Exercise brief:
Repeat the data as given. Images do not go in the copy.

Given data:
==================================================
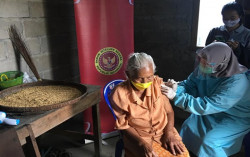 Didatangi ke Rumah, Ratusan Warga Lereng Merapi Ikut Vaksinasi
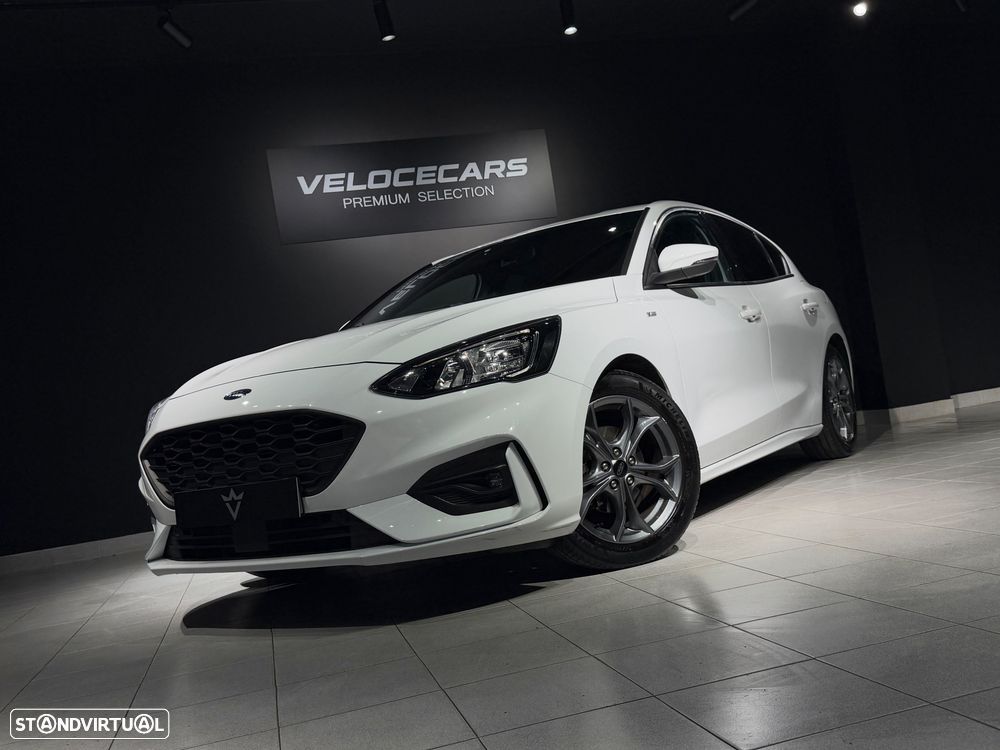 Ford Focus 1.0 EcoBoost ST-Line - 1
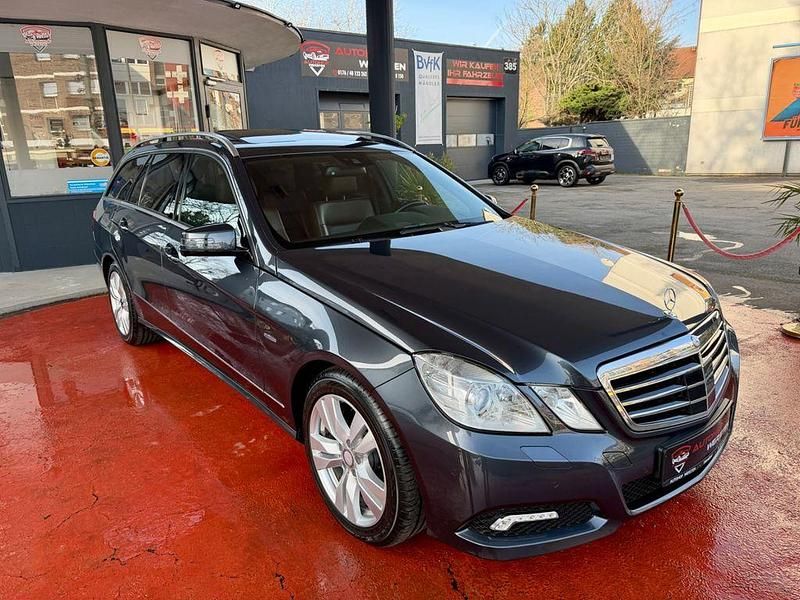 Gebraucht Mercedes E350 Avantgarde 231 PS (169 kW) 2010 Grau Kombi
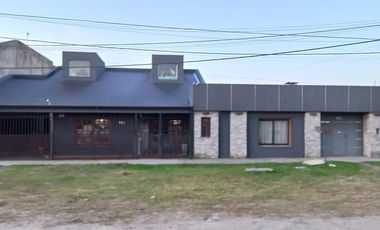 Casa venta - 4 dormitorios 3 baños - 459mts2 totales - Berisso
==================================================
Answer to this exercise:
 Didatangi ke Rumah, Ratusan Warga Lereng Merapi Ikut Vaksinasi
 Ford Focus 1.0 EcoBoost ST-Line - 1
 Gebraucht Mercedes E350 Avantgarde 231 PS (169 kW) 2010 Grau Kombi
 Casa venta - 4 dormitorios 3 baños - 459mts2 totales - Berisso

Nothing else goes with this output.